Collection entries:

┄┄┄┄┄┄

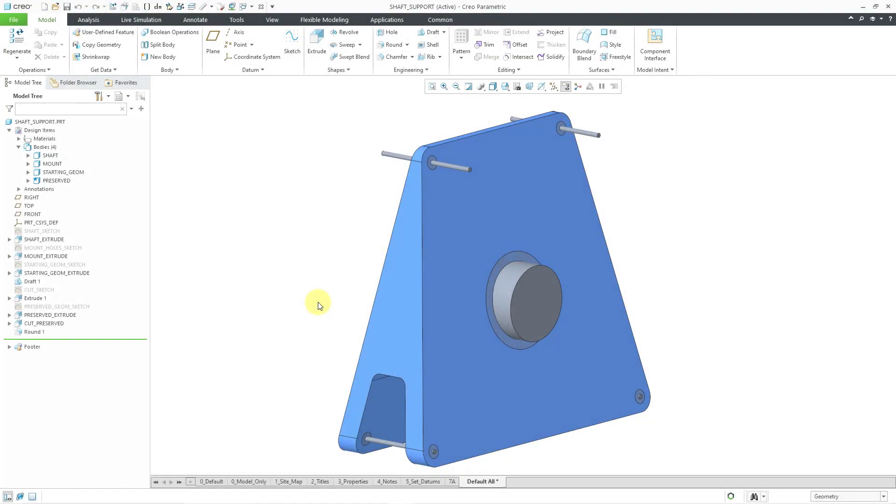In Creo Parametric, you can use design constraints as part of your design criteria in topology optimization to represent different manufacturing methods. Let's take a look at the differences.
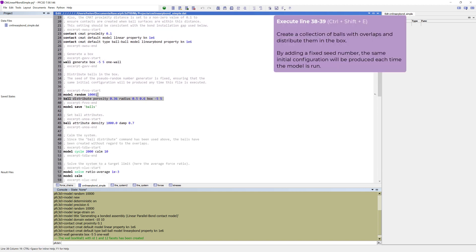Create a collection of balls with overlaps and distribute them in the box. By adding the command model random with a fixed seed number before we generate the balls, the same initial configuration will be produced each time the model is run. The balls created will have a radius within the range of 0.5 and 0.6.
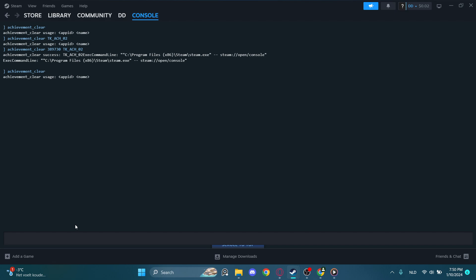If we type this, it will ask us for the app ID and the name. That means the app ID is the ID of the game, and the name is the name of the achievement.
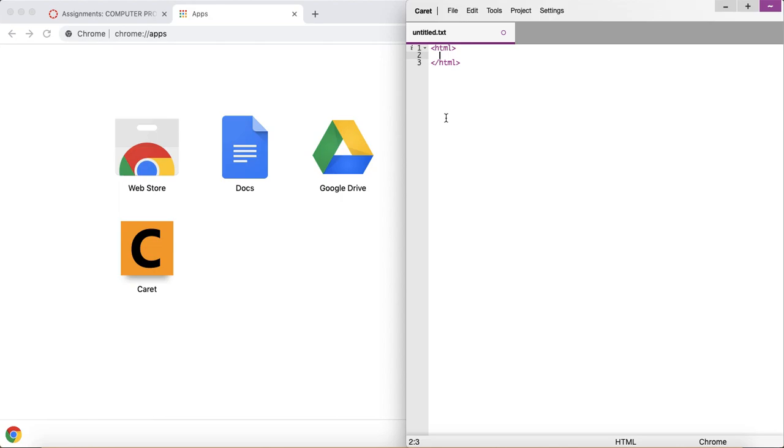I actually didn't even know it existed until today because I was trying to find a solution for everybody, no matter what operating system you're on. This should work as long as you have Chrome, the browser, installed.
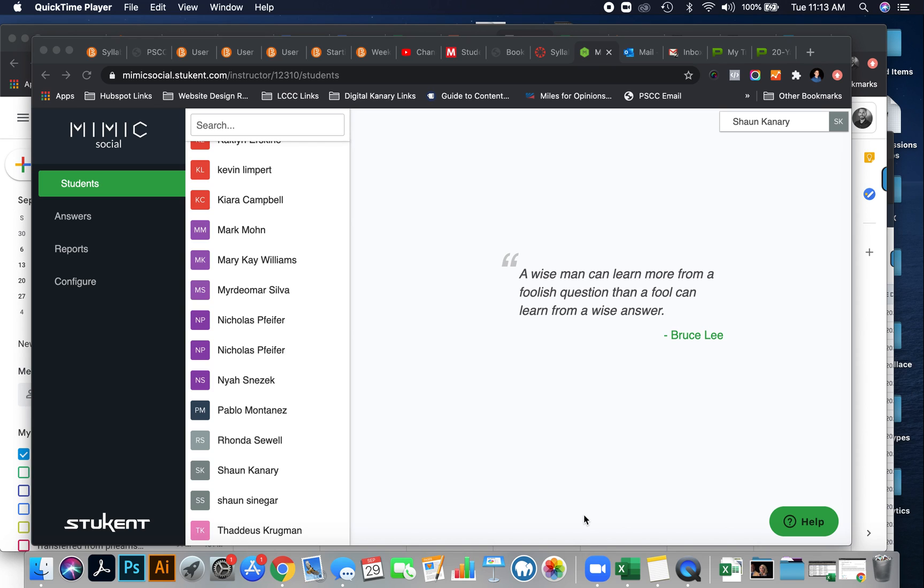Today we're going to be talking about how to use Mimic Social Simulator. Mimic is the social simulator that you'll be able to use throughout this course to actually execute a social media campaign for a fictitious company. What this does is it creates a safe environment for you to practice social media and social media marketing skills without actually posting anything online. Remember, this class is a hypothetical class. You're not actually posting anything online, so this Mimic Simulation is really important.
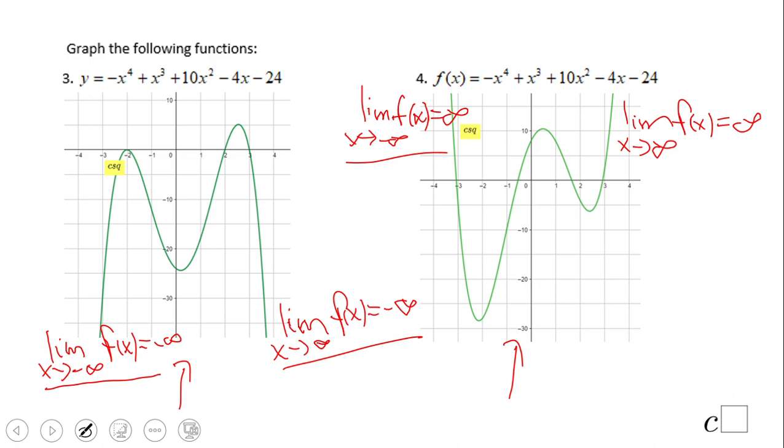And for the right side of the second graph: the limit as x approaches infinity of f(x) equals infinity — right there.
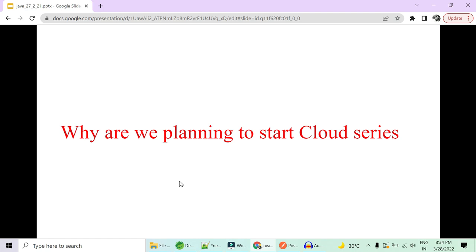Now let's consider one more scenario. Where you are working in some legacy project where there is no cloud technology and you want to switch or move from a current organization. If you switch to some other company based on Spring Boot, Java, microservices, it's totally dependent upon your luck that you will get a cloud-based project and you will learn something out of it. The chances are really very less. So why not increase the chances of you getting the cloud project? The certification is the path to do that.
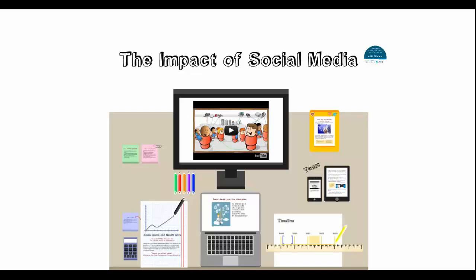This is AEDT 1170U, Psychological Foundations and Digital Technologies, Module 9, Video Clip 9.1: The Impact of Social Media.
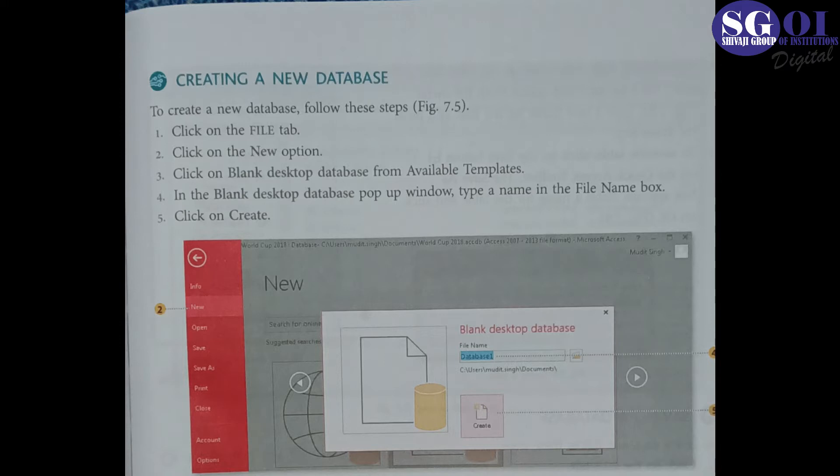Today's first heading is Creating a New Database. To create a new database, follow these steps. If you want to create a new database, you have to follow these steps. Number first, click on the File tab.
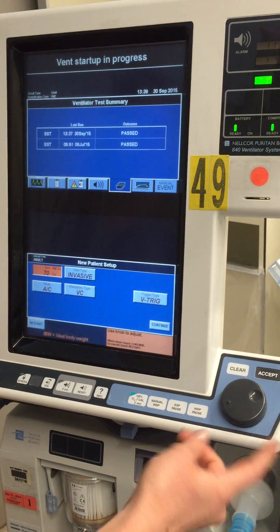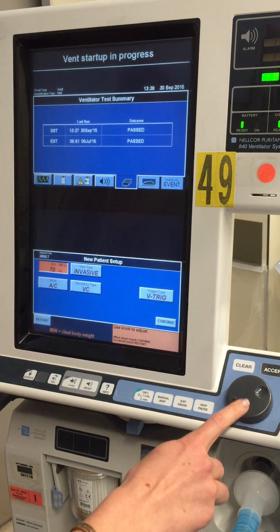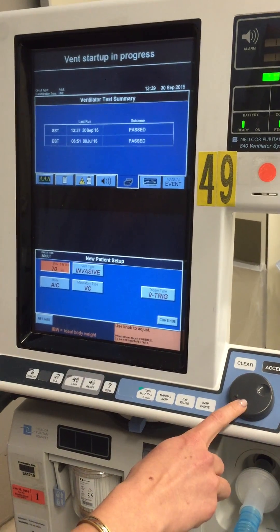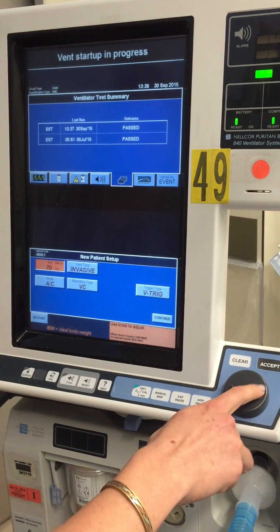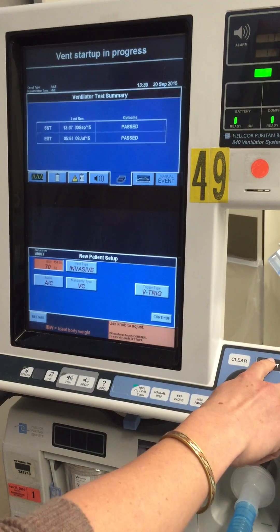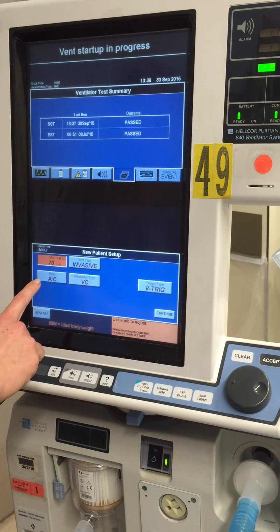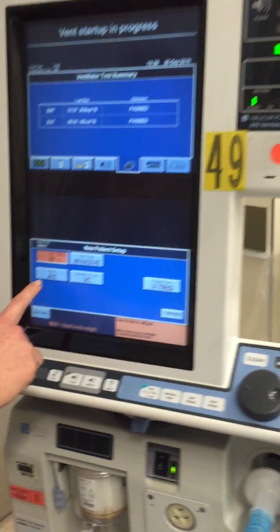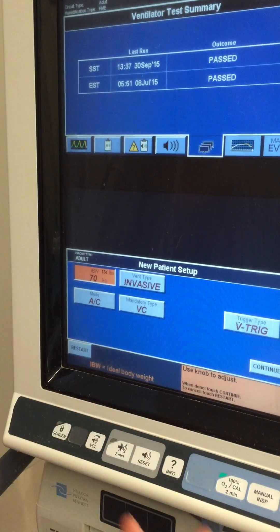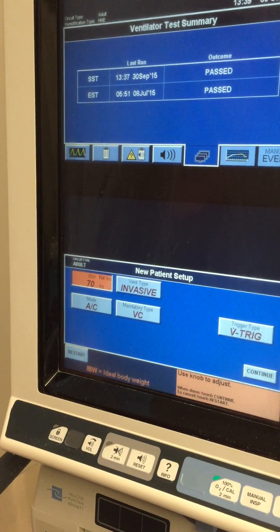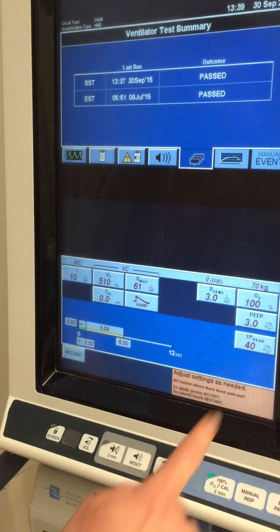It's not necessarily pertinent. You can use this little scroll button and press accept when you're ready. Our mode right now is ACVC, which we want to keep on volume control, so we'll just press continue.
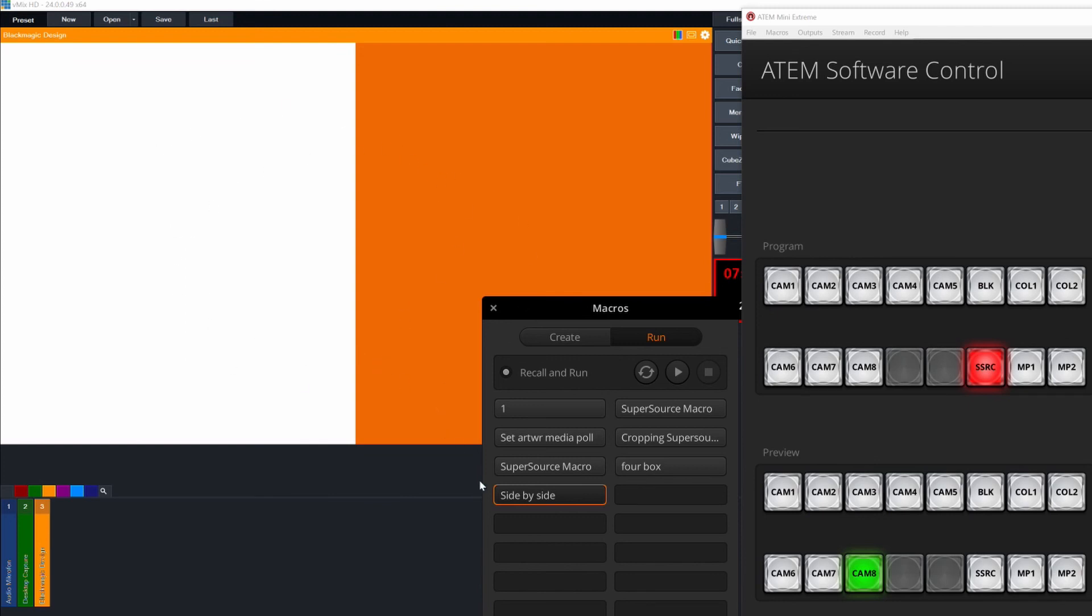So that's a quick look at how to use the macros that you can copy out of H2R super source layouts, import them into your ATEM Mini Extreme or Extreme ISO and use those layouts during your productions. I hope you find that useful and do reach out if you have any questions or issues along the way.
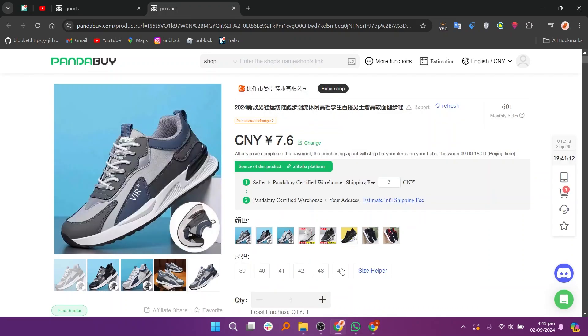You can also check the available variations, such as different colors and sizes, to provide options for your customers.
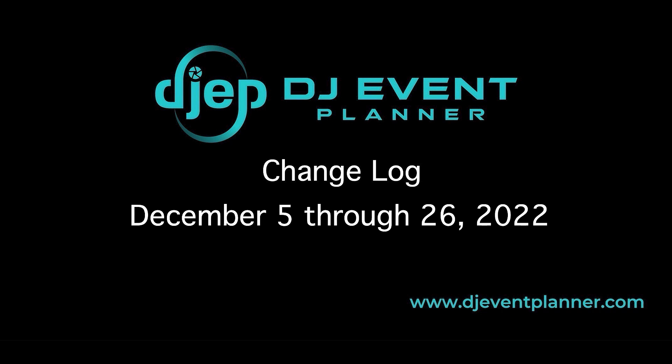Hi there, everyone. This is Melissa from DJ Event Planner, and today we're covering the change log topics from December 5th through December 26th, 2022.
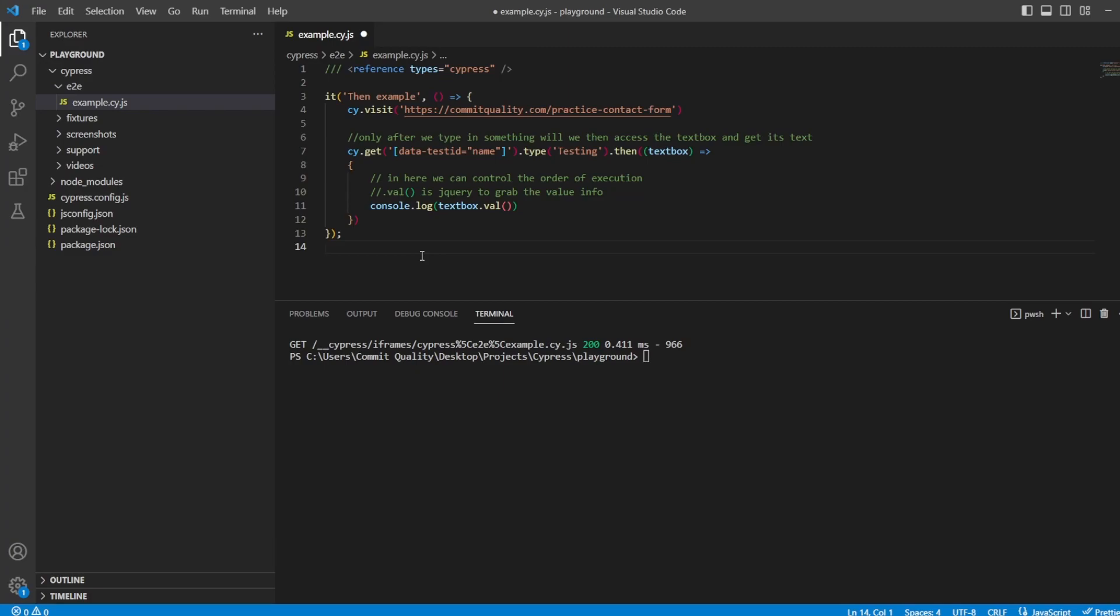Now with promises there are three states. You've got pending which is the initial state, that means it's not fulfilled nor rejected. Then you've got the second state which is fulfilled which means the operation is completed successfully. So now the child's given you the toy. Or the third state you can have is rejected which is the operation has failed. That could be maybe the child didn't give you the toy or they broke the toy or whatever happened.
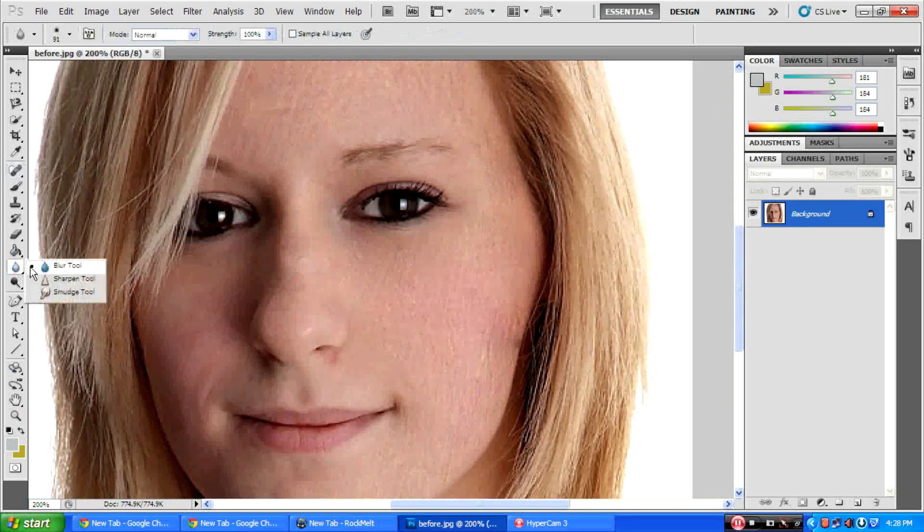Then, use Platoon. Then, apply it to the face.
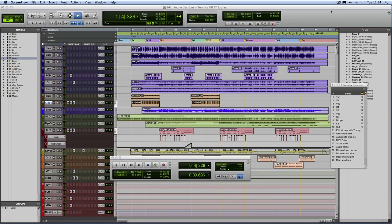Hi, it's Russ from Pro Tools Expert, and this is the world's first review of Pro Tools Express.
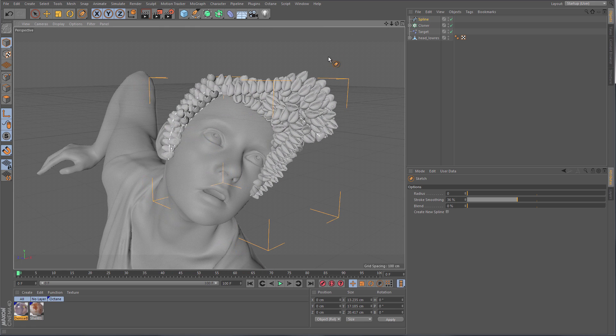Drawing splines onto a surface using the Sketch tool with snapping makes sure they're actually on the surface, and it works really really great and also very fast. That's a rough overview of the new spline tools, which are a great addition to Cinema 4D Release 17.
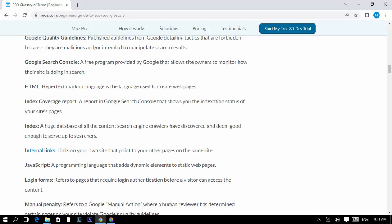Index: a huge database of all the content search engine crawlers have discovered and deemed good enough to serve up to searchers.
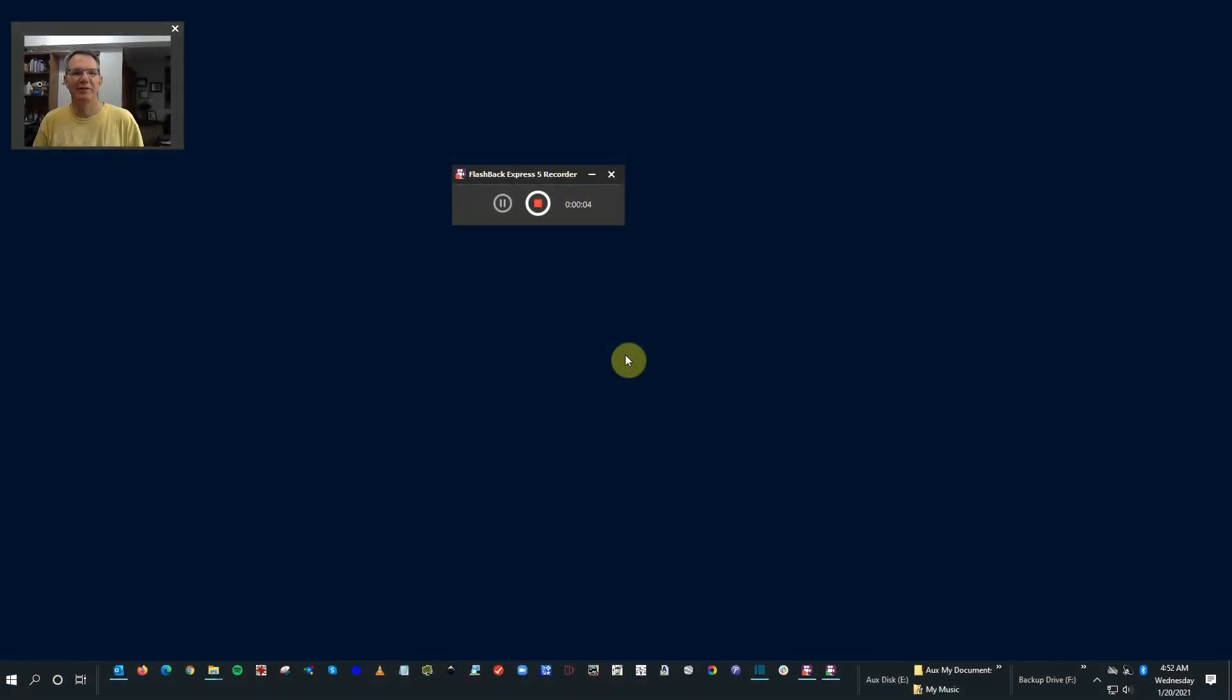Hello everyone, Detlef here. Today we're going to look at connecting RR circuits.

┄┄┄┄┄┄

Give again exactly the lines from the one holding "Hi, it's Russ" to the final line of the records, both ends included; any pictures stay out.

Hi, it's Russ from Pro Tools Expert, and this is the world's first review of Pro Tools Express.
Drawing splines onto a surface using the Sketch tool with snapping makes sure they're actually on the surface, and it works really really great and also very fast. That's a rough overview of the new spline tools, which are a great addition to Cinema 4D Release 17.
Index: a huge database of all the content search engine crawlers have discovered and deemed good enough to serve up to searchers.
Hello everyone, Detlef here. Today we're going to look at connecting RR circuits.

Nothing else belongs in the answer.